### Activity
The answer should be the exact lines from the line containing "Circular Red &" through the last line of the material below, with no pictures.

= = = = = = =

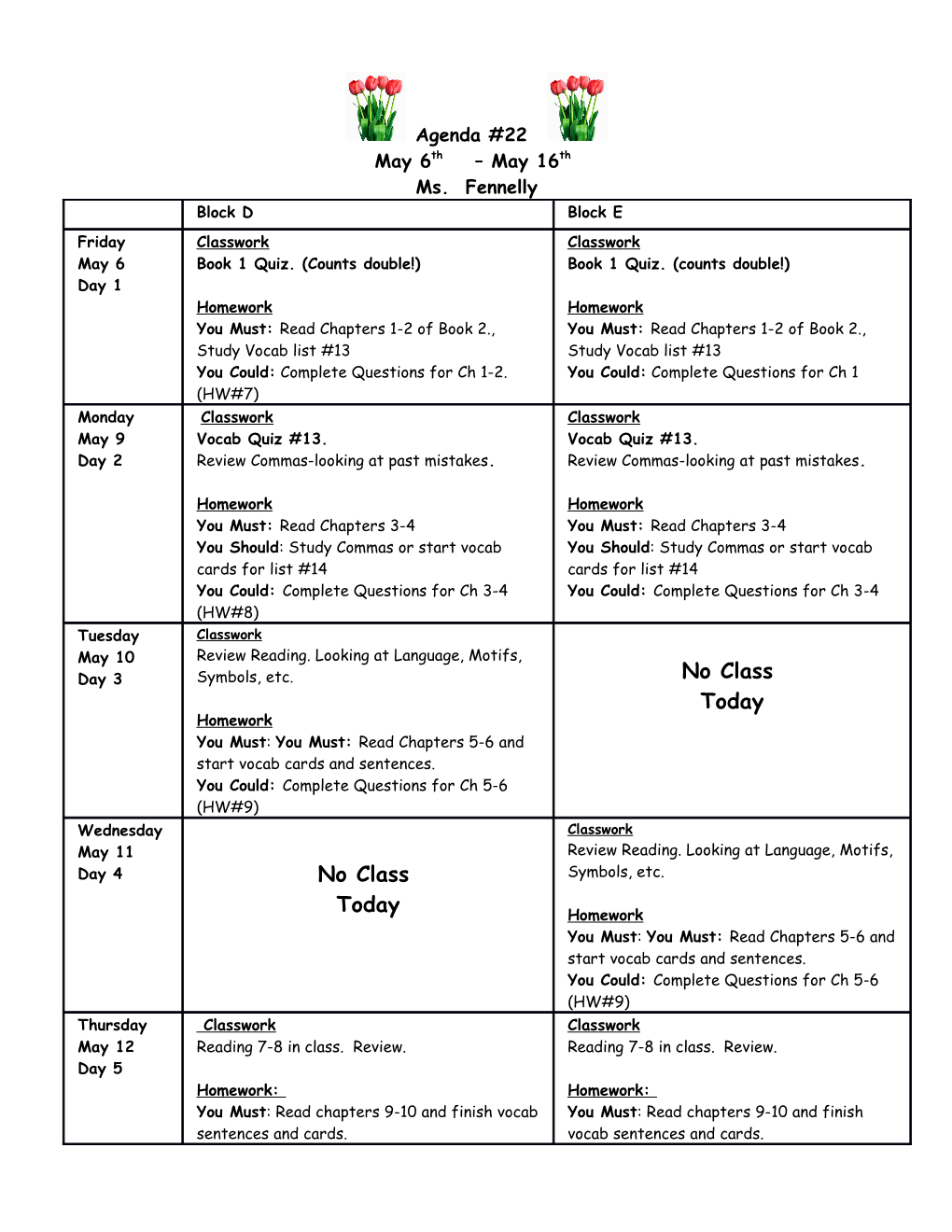 Books 2 Quiz (Counts Double)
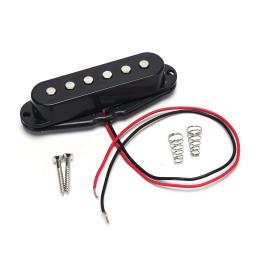 Captador de som Black Single Coil para guitarra elétrica, 6 cordas, harmonioso, fácil de instalar - Image 5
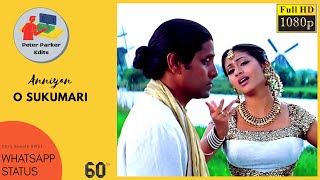 O Sukumari - Anniyan Whatsapp Status 60Fps Fullscreen Video Tamil Vikram Shankar Harris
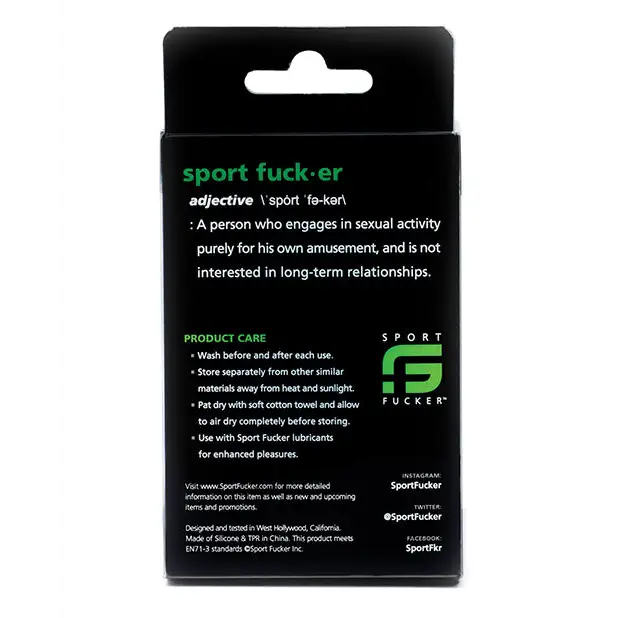 Sport Fucker Cock Tube - Blue - Penis Enhancement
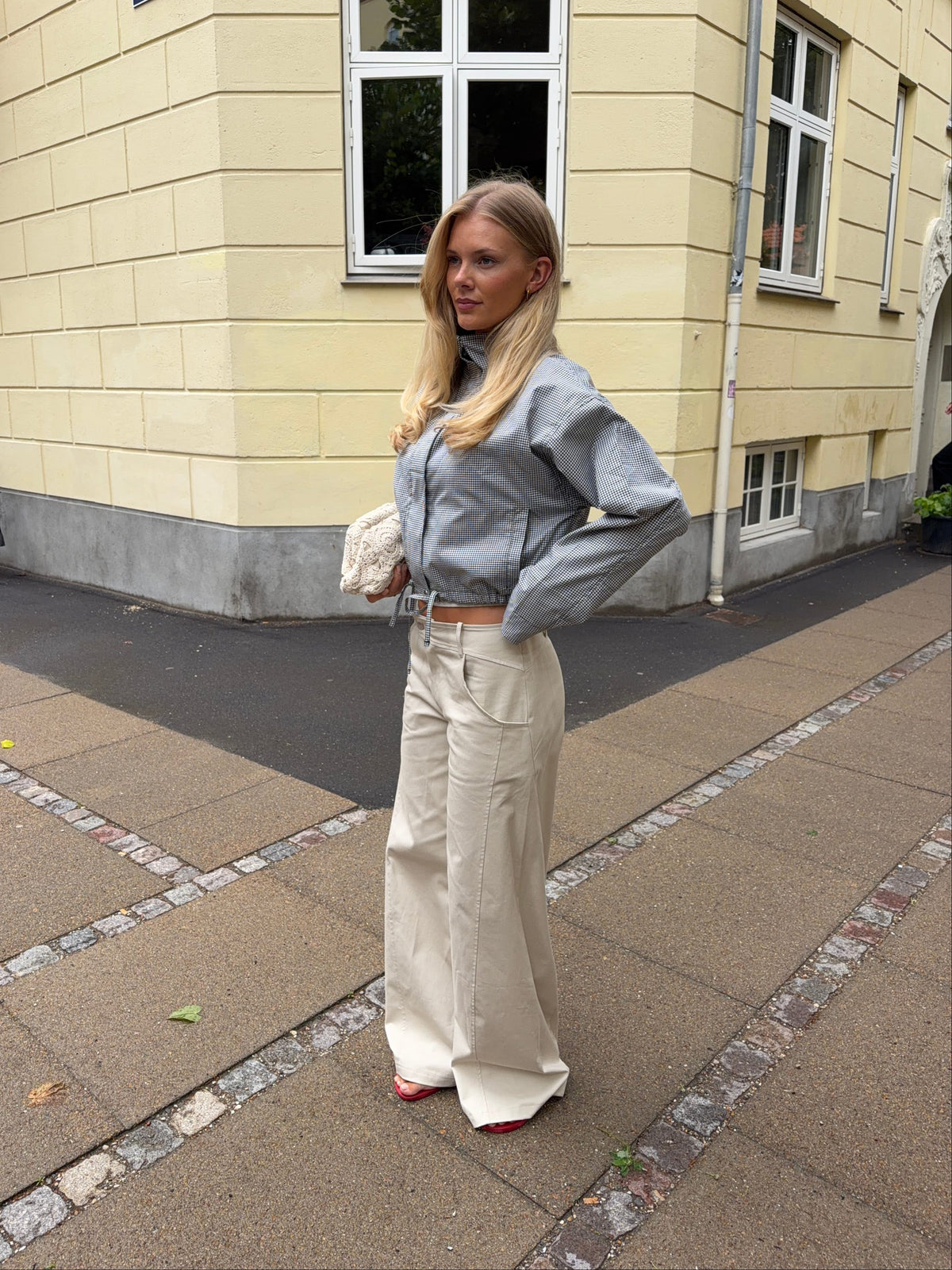 Fanny Barrel Bukser Beige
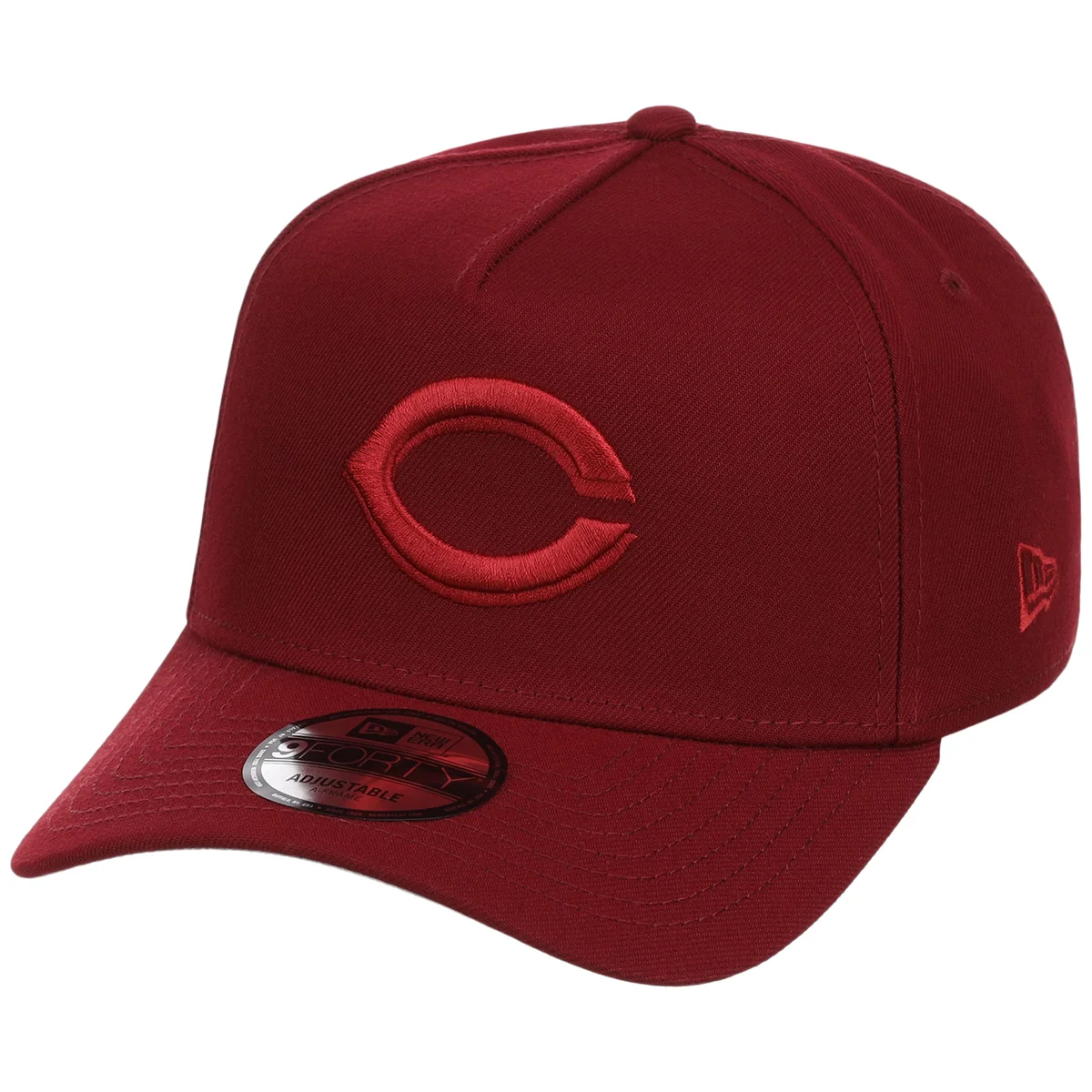 Cincinnati Reds MLB Cardinal FASHION CORE New Era 9FORTY A-Frame detail view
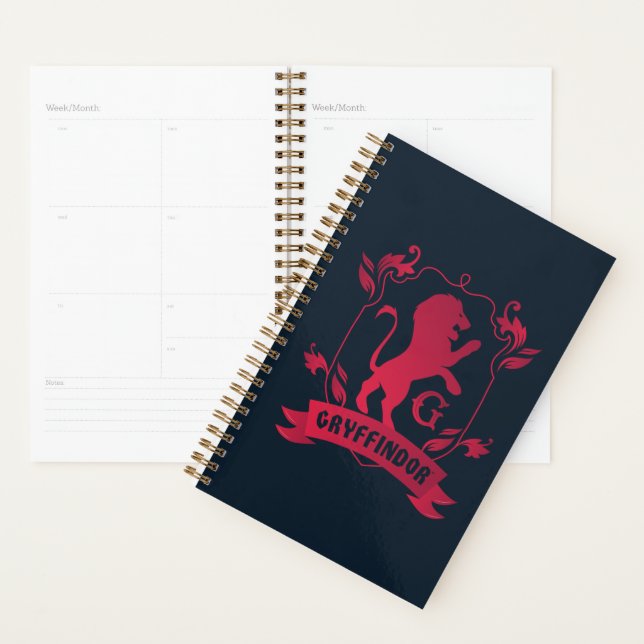 Ornate GRYFFINDOR™ House Crest Planner (Display)
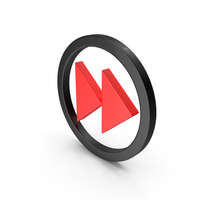 Circular Red & Black Fast Forward Symbol PNG & PSD Images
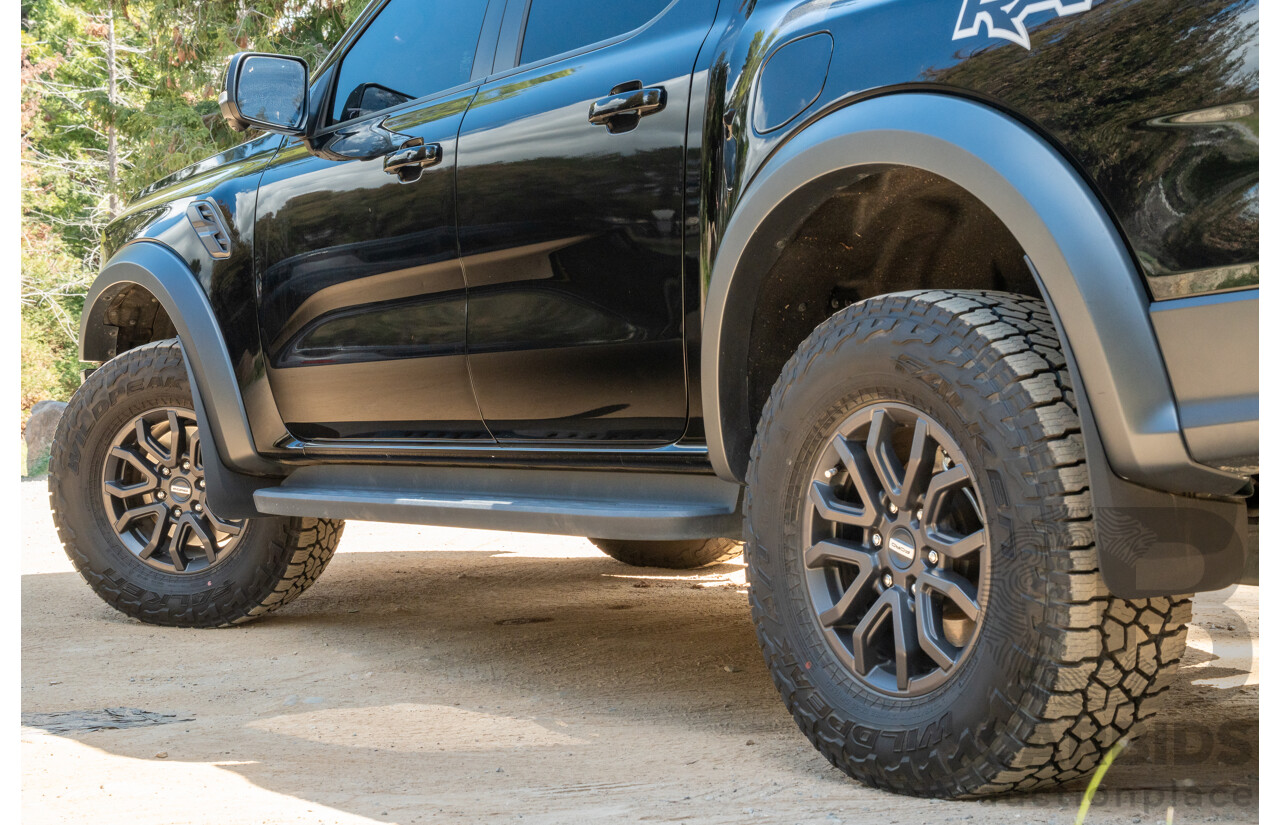 07/2023 Ford Ranger Raptor Next Gen (4x4) PY MY23.5 4d Dual Cab Shadow Black Twin Turbo V6 3.0L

= = = = = = =

### Result of this exercise
 Circular Red & Black Fast Forward Symbol PNG & PSD Images
 07/2023 Ford Ranger Raptor Next Gen (4x4) PY MY23.5 4d Dual Cab Shadow Black Twin Turbo V6 3.0L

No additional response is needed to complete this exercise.